PROVIDED DATA:

****************************************

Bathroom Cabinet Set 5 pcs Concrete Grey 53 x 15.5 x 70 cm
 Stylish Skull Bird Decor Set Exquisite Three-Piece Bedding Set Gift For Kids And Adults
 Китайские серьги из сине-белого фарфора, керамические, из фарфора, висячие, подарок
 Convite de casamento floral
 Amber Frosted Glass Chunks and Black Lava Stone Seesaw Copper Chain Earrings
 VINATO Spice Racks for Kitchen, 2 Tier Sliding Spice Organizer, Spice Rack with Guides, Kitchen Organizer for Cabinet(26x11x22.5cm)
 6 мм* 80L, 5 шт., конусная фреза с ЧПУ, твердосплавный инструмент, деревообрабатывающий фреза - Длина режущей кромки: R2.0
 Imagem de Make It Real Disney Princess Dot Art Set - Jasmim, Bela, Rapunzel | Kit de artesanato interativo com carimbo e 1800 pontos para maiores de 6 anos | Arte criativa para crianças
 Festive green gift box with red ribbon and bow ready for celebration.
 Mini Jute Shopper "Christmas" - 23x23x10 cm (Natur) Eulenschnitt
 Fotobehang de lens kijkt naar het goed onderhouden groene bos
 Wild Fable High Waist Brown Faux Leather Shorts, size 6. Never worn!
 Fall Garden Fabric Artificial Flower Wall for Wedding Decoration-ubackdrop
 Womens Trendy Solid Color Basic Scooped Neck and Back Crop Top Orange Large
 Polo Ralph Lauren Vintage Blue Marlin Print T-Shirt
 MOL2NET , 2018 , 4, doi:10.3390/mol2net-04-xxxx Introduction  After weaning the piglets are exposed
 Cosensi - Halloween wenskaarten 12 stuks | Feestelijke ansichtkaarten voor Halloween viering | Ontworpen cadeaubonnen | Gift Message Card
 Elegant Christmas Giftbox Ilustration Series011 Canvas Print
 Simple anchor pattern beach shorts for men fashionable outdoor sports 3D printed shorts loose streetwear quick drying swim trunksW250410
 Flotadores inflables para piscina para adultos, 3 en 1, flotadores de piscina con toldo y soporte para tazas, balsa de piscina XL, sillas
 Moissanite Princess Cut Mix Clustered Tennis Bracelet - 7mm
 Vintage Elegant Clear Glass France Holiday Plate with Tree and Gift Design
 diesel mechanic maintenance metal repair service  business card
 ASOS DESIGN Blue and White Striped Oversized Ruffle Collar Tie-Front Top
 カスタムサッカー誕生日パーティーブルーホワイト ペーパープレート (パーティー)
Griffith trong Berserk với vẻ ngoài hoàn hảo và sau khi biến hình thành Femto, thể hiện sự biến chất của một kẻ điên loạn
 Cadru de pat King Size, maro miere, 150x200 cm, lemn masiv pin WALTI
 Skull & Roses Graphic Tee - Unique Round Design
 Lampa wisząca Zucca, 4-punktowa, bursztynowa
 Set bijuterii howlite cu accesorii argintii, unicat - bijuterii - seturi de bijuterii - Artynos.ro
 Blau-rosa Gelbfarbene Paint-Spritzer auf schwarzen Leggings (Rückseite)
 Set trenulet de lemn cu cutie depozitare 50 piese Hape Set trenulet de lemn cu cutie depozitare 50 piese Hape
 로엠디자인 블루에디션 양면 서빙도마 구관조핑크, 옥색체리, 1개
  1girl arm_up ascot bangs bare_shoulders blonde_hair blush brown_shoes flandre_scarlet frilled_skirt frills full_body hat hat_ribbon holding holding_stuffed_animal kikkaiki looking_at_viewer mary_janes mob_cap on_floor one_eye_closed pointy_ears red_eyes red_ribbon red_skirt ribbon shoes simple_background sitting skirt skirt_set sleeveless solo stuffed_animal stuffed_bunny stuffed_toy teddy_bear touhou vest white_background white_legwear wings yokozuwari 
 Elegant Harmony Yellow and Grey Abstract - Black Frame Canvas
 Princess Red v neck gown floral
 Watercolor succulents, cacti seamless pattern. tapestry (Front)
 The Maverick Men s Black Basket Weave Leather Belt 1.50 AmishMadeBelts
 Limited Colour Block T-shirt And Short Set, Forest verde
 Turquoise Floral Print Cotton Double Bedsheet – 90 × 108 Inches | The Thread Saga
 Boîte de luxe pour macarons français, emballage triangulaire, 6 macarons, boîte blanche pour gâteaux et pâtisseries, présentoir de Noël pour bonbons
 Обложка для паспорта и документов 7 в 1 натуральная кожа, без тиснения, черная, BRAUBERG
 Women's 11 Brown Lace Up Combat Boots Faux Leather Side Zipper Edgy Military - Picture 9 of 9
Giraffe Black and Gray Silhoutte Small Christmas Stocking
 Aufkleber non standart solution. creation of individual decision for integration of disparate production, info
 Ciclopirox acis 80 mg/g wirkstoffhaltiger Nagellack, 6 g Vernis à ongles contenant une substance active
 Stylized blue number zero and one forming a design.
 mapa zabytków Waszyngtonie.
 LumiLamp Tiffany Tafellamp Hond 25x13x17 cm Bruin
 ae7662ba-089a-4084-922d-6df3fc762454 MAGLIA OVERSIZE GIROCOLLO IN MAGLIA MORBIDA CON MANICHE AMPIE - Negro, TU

****************************************

WORK INSTRUCTION: Give every entry again, exactly as it reads.

WRITTEN REPLY:
Bathroom Cabinet Set 5 pcs Concrete Grey 53 x 15.5 x 70 cm
 Stylish Skull Bird Decor Set Exquisite Three-Piece Bedding Set Gift For Kids And Adults
 Китайские серьги из сине-белого фарфора, керамические, из фарфора, висячие, подарок
 Convite de casamento floral
 Amber Frosted Glass Chunks and Black Lava Stone Seesaw Copper Chain Earrings
 VINATO Spice Racks for Kitchen, 2 Tier Sliding Spice Organizer, Spice Rack with Guides, Kitchen Organizer for Cabinet(26x11x22.5cm)
 6 мм* 80L, 5 шт., конусная фреза с ЧПУ, твердосплавный инструмент, деревообрабатывающий фреза - Длина режущей кромки: R2.0
 Imagem de Make It Real Disney Princess Dot Art Set - Jasmim, Bela, Rapunzel | Kit de artesanato interativo com carimbo e 1800 pontos para maiores de 6 anos | Arte criativa para crianças
 Festive green gift box with red ribbon and bow ready for celebration.
 Mini Jute Shopper "Christmas" - 23x23x10 cm (Natur) Eulenschnitt
 Fotobehang de lens kijkt naar het goed onderhouden groene bos
 Wild Fable High Waist Brown Faux Leather Shorts, size 6. Never worn!
 Fall Garden Fabric Artificial Flower Wall for Wedding Decoration-ubackdrop
 Womens Trendy Solid Color Basic Scooped Neck and Back Crop Top Orange Large
 Polo Ralph Lauren Vintage Blue Marlin Print T-Shirt
 MOL2NET , 2018 , 4, doi:10.3390/mol2net-04-xxxx Introduction  After weaning the piglets are exposed
 Cosensi - Halloween wenskaarten 12 stuks | Feestelijke ansichtkaarten voor Halloween viering | Ontworpen cadeaubonnen | Gift Message Card
 Elegant Christmas Giftbox Ilustration Series011 Canvas Print
 Simple anchor pattern beach shorts for men fashionable outdoor sports 3D printed shorts loose streetwear quick drying swim trunksW250410
 Flotadores inflables para piscina para adultos, 3 en 1, flotadores de piscina con toldo y soporte para tazas, balsa de piscina XL, sillas
 Moissanite Princess Cut Mix Clustered Tennis Bracelet - 7mm
 Vintage Elegant Clear Glass France Holiday Plate with Tree and Gift Design
 diesel mechanic maintenance metal repair service  business card
 ASOS DESIGN Blue and White Striped Oversized Ruffle Collar Tie-Front Top
 カスタムサッカー誕生日パーティーブルーホワイト ペーパープレート (パーティー)
Griffith trong Berserk với vẻ ngoài hoàn hảo và sau khi biến hình thành Femto, thể hiện sự biến chất của một kẻ điên loạn
 Cadru de pat King Size, maro miere, 150x200 cm, lemn masiv pin WALTI
 Skull & Roses Graphic Tee - Unique Round Design
 Lampa wisząca Zucca, 4-punktowa, bursztynowa
 Set bijuterii howlite cu accesorii argintii, unicat - bijuterii - seturi de bijuterii - Artynos.ro
 Blau-rosa Gelbfarbene Paint-Spritzer auf schwarzen Leggings (Rückseite)
 Set trenulet de lemn cu cutie depozitare 50 piese Hape Set trenulet de lemn cu cutie depozitare 50 piese Hape
 로엠디자인 블루에디션 양면 서빙도마 구관조핑크, 옥색체리, 1개
  1girl arm_up ascot bangs bare_shoulders blonde_hair blush brown_shoes flandre_scarlet frilled_skirt frills full_body hat hat_ribbon holding holding_stuffed_animal kikkaiki looking_at_viewer mary_janes mob_cap on_floor one_eye_closed pointy_ears red_eyes red_ribbon red_skirt ribbon shoes simple_background sitting skirt skirt_set sleeveless solo stuffed_animal stuffed_bunny stuffed_toy teddy_bear touhou vest white_background white_legwear wings yokozuwari 
 Elegant Harmony Yellow and Grey Abstract - Black Frame Canvas
 Princess Red v neck gown floral
 Watercolor succulents, cacti seamless pattern. tapestry (Front)
 The Maverick Men s Black Basket Weave Leather Belt 1.50 AmishMadeBelts
 Limited Colour Block T-shirt And Short Set, Forest verde
 Turquoise Floral Print Cotton Double Bedsheet – 90 × 108 Inches | The Thread Saga
 Boîte de luxe pour macarons français, emballage triangulaire, 6 macarons, boîte blanche pour gâteaux et pâtisseries, présentoir de Noël pour bonbons
 Обложка для паспорта и документов 7 в 1 натуральная кожа, без тиснения, черная, BRAUBERG
 Women's 11 Brown Lace Up Combat Boots Faux Leather Side Zipper Edgy Military - Picture 9 of 9
Giraffe Black and Gray Silhoutte Small Christmas Stocking
 Aufkleber non standart solution. creation of individual decision for integration of disparate production, info
 Ciclopirox acis 80 mg/g wirkstoffhaltiger Nagellack, 6 g Vernis à ongles contenant une substance active
 Stylized blue number zero and one forming a design.
 mapa zabytków Waszyngtonie.
 LumiLamp Tiffany Tafellamp Hond 25x13x17 cm Bruin
 ae7662ba-089a-4084-922d-6df3fc762454 MAGLIA OVERSIZE GIROCOLLO IN MAGLIA MORBIDA CON MANICHE AMPIE - Negro, TU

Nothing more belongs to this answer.